-- DATASET EXTRACT --
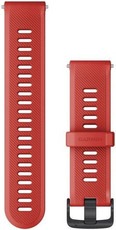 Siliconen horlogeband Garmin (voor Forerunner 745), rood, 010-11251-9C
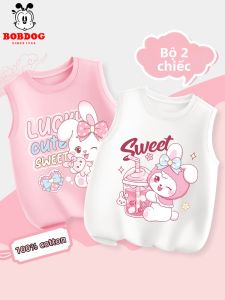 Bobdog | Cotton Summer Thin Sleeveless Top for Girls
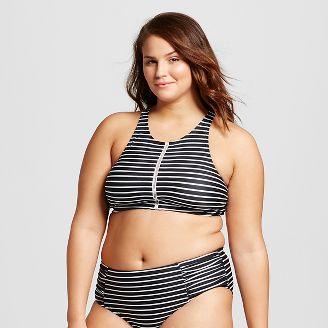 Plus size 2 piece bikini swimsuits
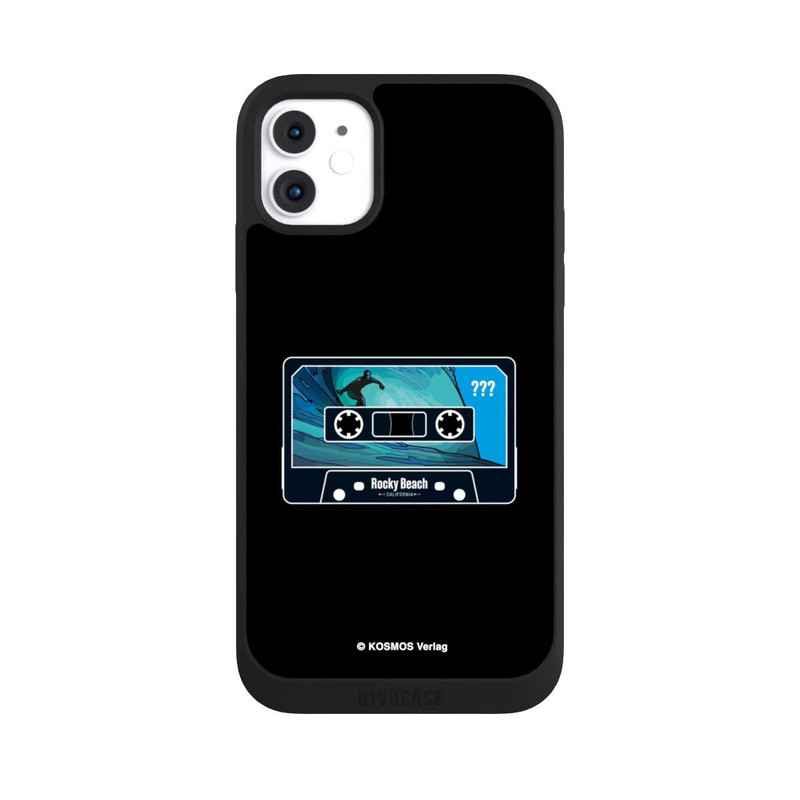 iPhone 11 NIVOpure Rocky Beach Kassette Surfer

-- WHAT THE TASK ASKS --
Exactly the lines from the one with "Plus size 2 piece bikini swimsuits" through the end of the listing above are to be repeated, with no pictures.

-- WRITTEN ANSWER --
 Plus size 2 piece bikini swimsuits
 iPhone 11 NIVOpure Rocky Beach Kassette Surfer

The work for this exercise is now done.